L’interdiction de la privation arbitraire de la nationalité, qui vise à protéger le droit d’en conserver une, est énoncée par la Déclaration universelle des droits de l’homme comme un corollaire du droit à la nationalité. Ce principe général d’interdiction est repris dans de nombreuses conventions internationales et régionales.

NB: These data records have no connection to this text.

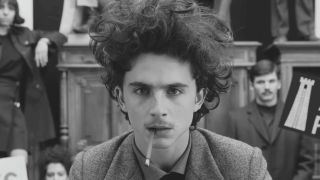Timothee Chalamet in black and white in Wes Anderson's The French Dispatch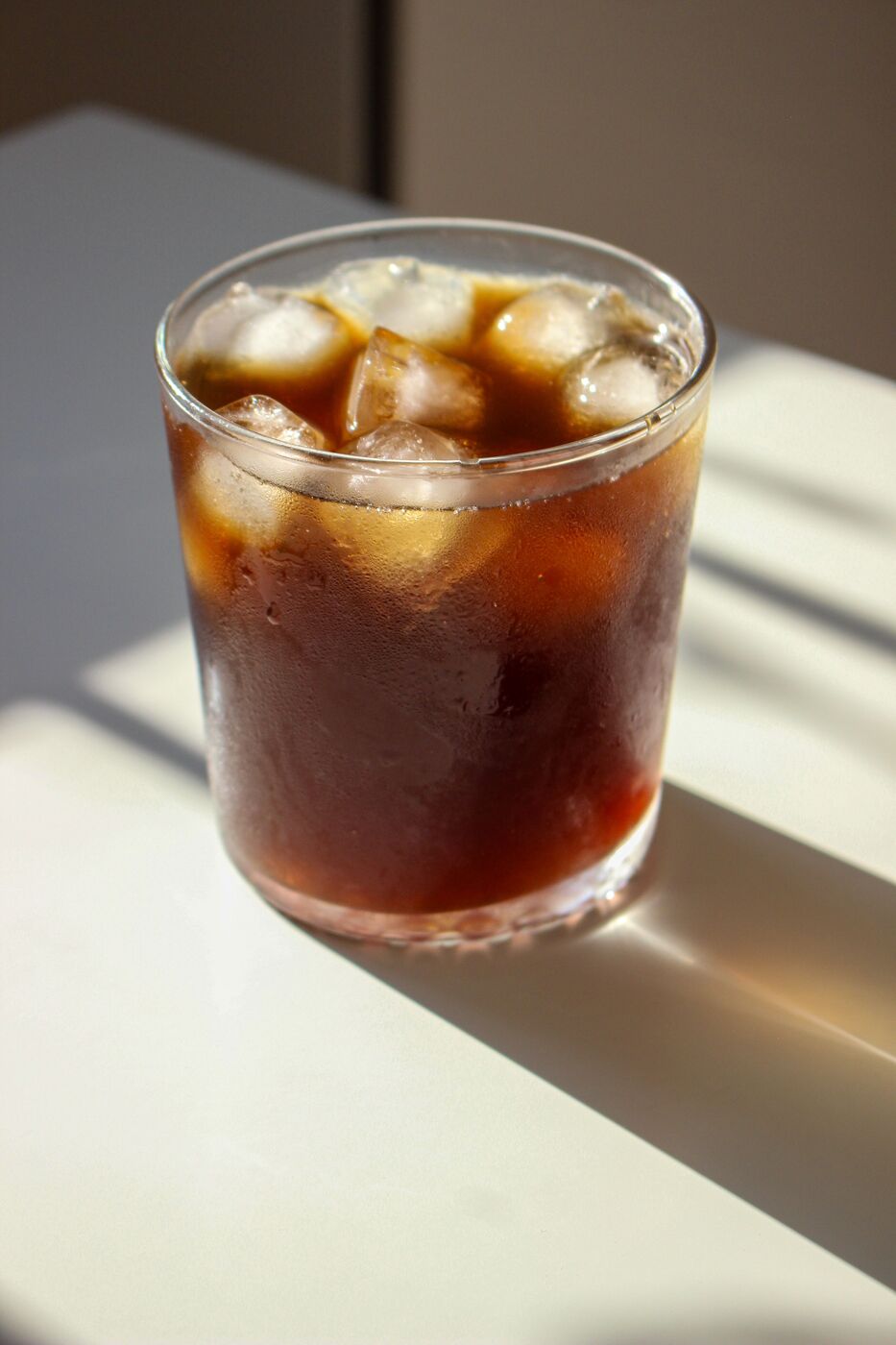 A glass of cold brew over ice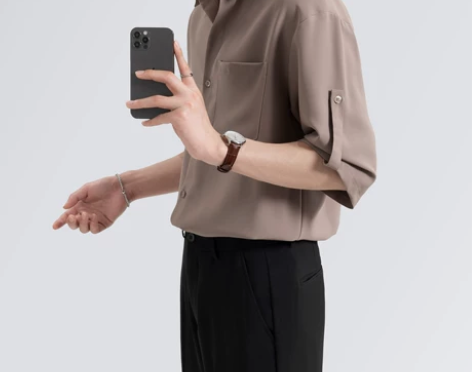 男装设计 OWNR 短袖衬衫男夏季痞帅高级...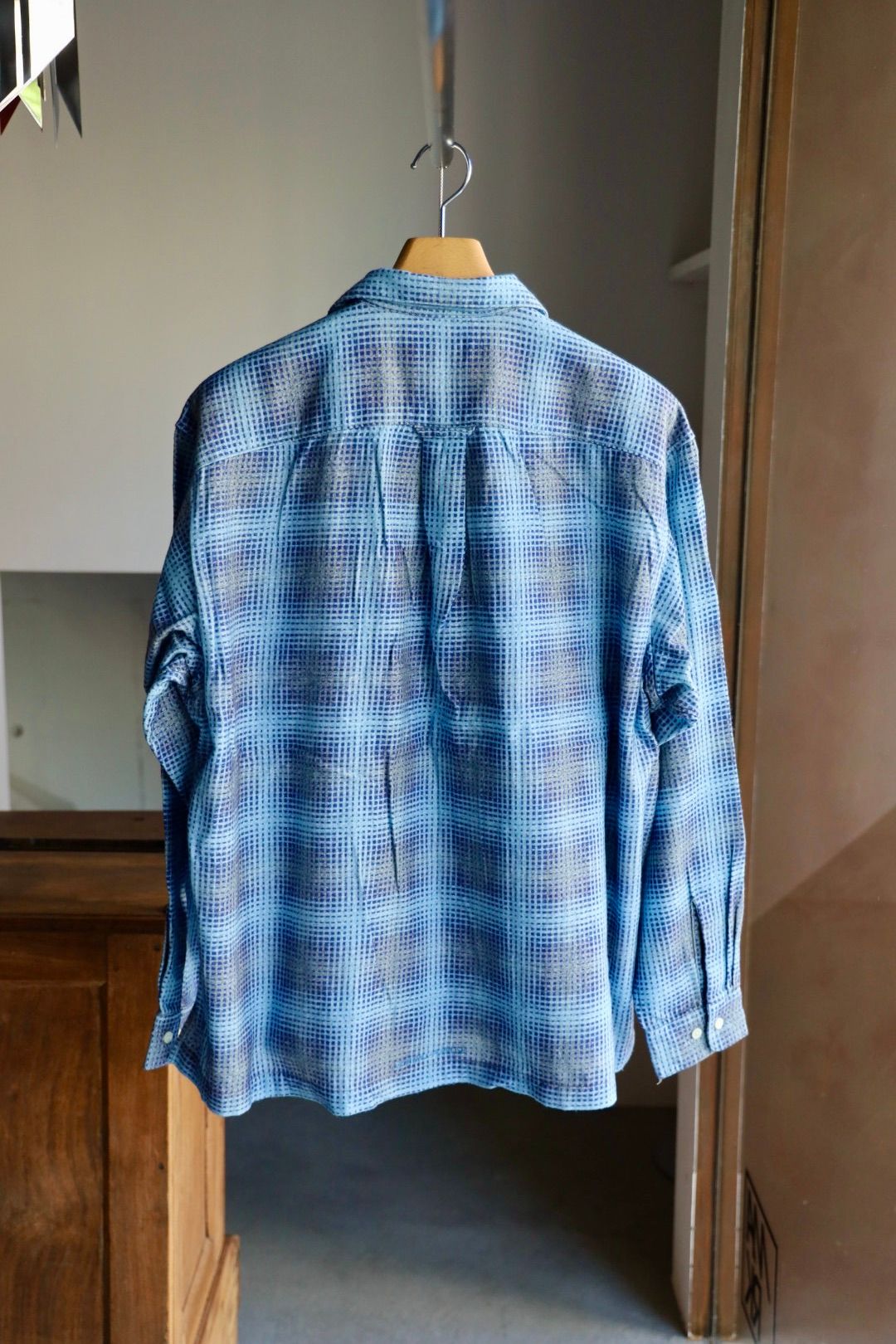 セダンオールパーパス FW25 Printed Plaid Flannel Open Collar Shirt(SD25F-SH02)Blue×Navy☆9月6日(土)発売！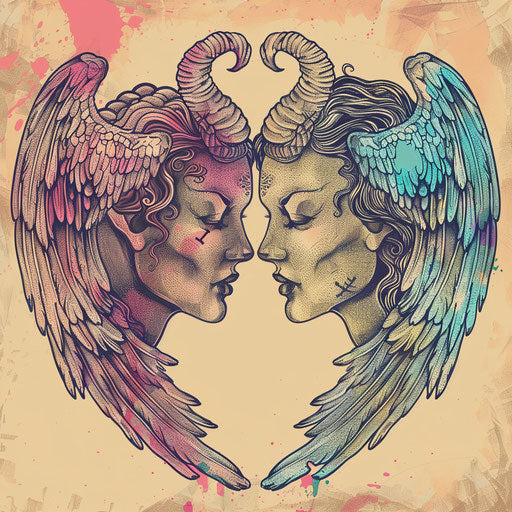 Contemporary tattoo sketch in flat design, angel and devil sharing secrets, pastel tones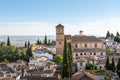 Aerial view Church of San Salvador - Granada, Andalusia, Spain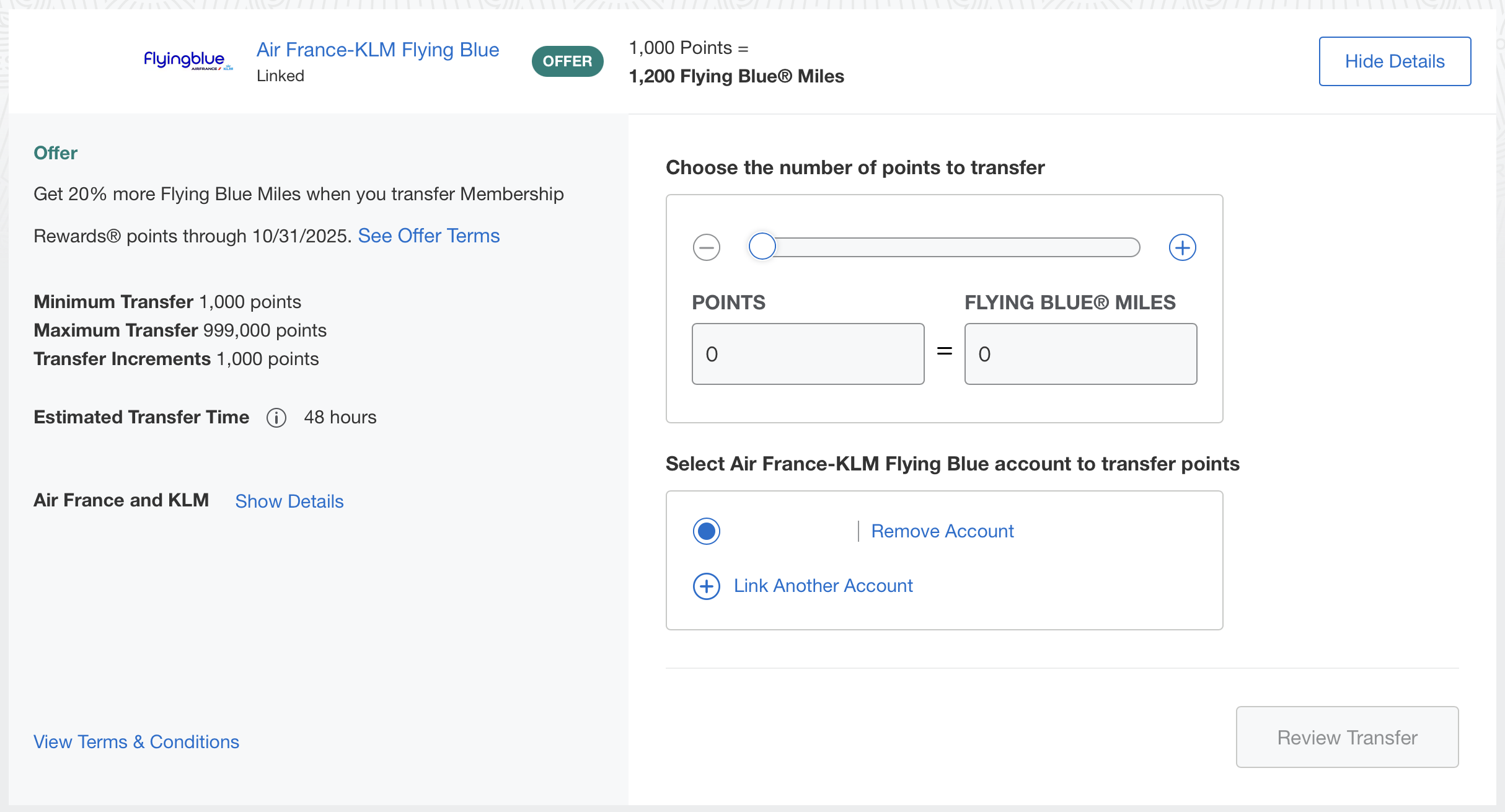 American Express transfer bonus to Flying Blue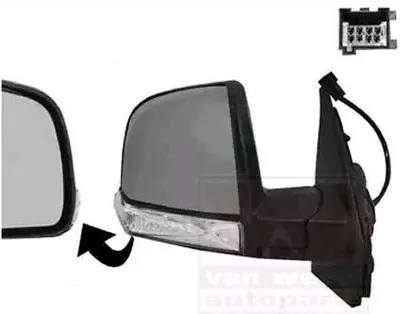Produktbild von VAN WEZEL 1638806 Außenspiegel Seitenspiegel Rechts für FIAT DOBLO Kasten/Kombi (263) Konvex Beheizt Grundiert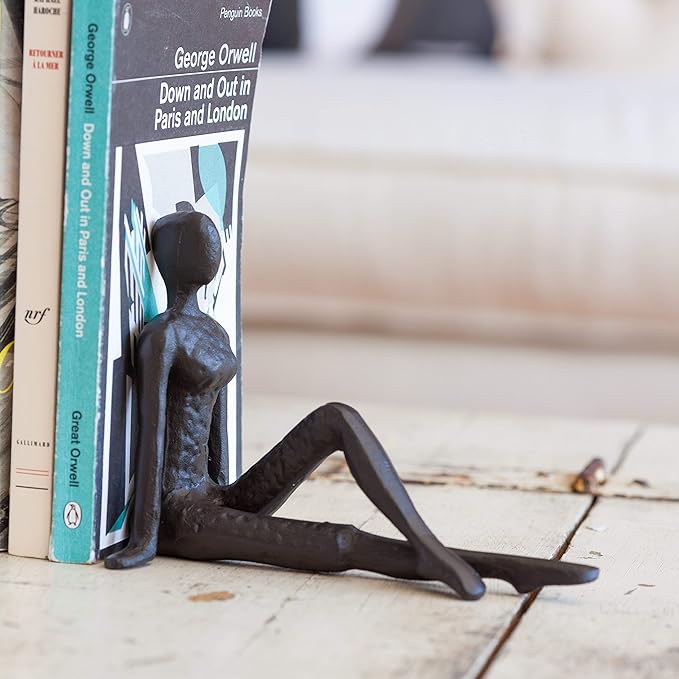 Danya B. ZI11217 Contemporary 2 Piece Ladies Stretching Cast Iron Metal Art Bookend Set-Ruum Studio Home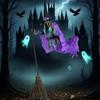 2025 Новый Летающий Ведьмак на Хэллоуин Уличный С Звуковой и Движковой Активацией, Светящиеся Глаза, Страшный Для Двора, Газона, Внутреннего Декора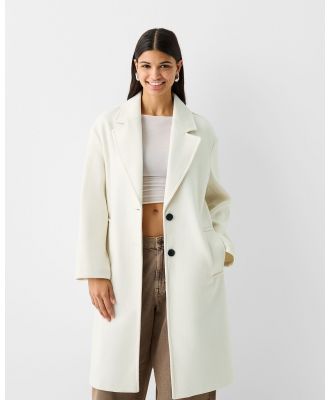 Bershka - Long Soft Coat - Coats & Jackets (Cream) Long Soft Coat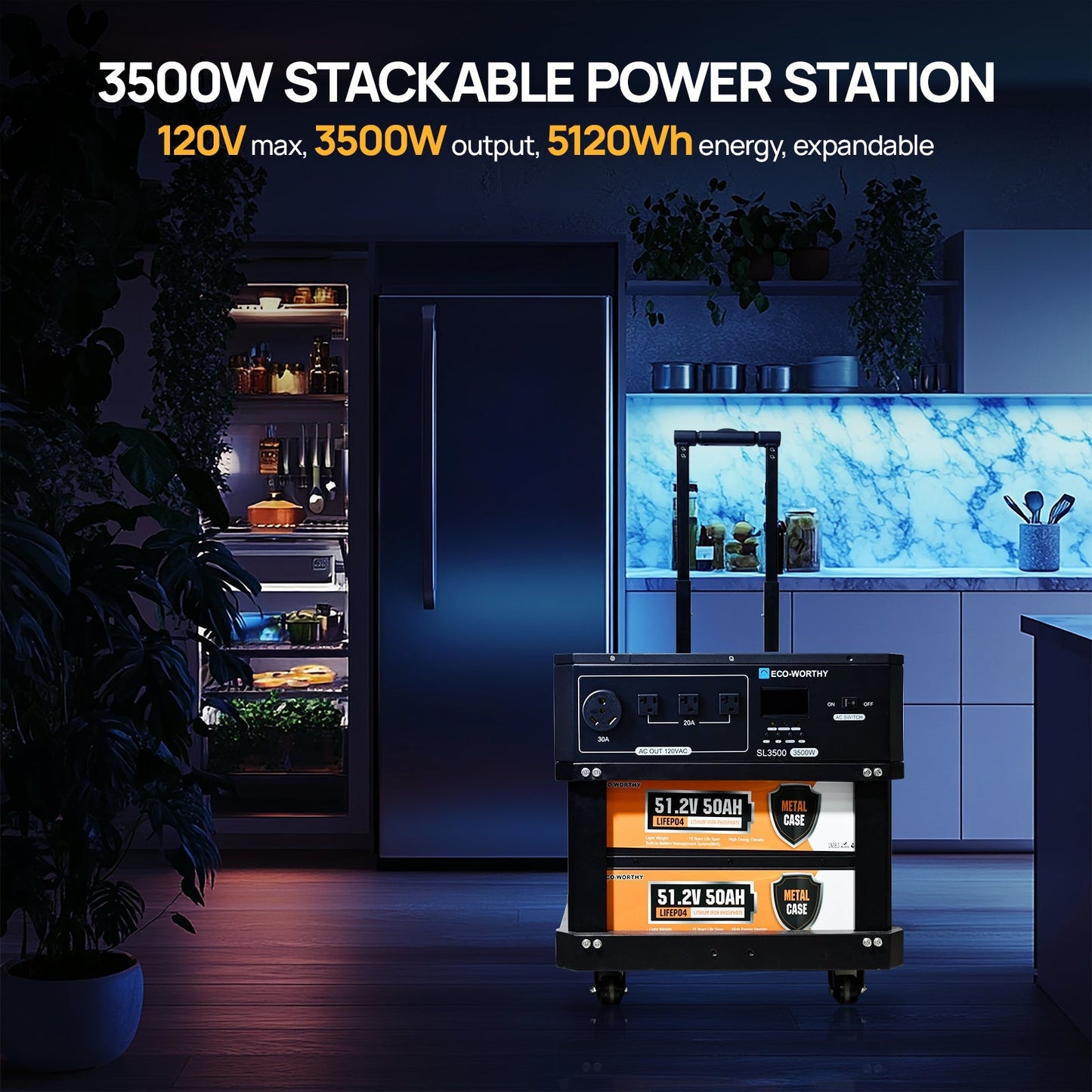 Eco Battery  SL3500 stackable power station - US-L02NK35KWUSL50DDCN-1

Les mesures conduisant à la privation de la nationalité, telles qu’autorisées par le droit international, doivent donc respecter un certain nombre de conditions afin de ne pas être arbitraires :

 a) elles doivent être fondées sur une base juridique claire ;

 b) elles doivent servir un but légitime qui soit conforme au droit international ;

 c) elles doivent être proportionnelles à l’intérêt qu’elles visent à protéger et d) des garanties procédurales doivent être respectées permettant à l’intéressé de faire valoir tous ses moyens de défense devant une instance indépendante.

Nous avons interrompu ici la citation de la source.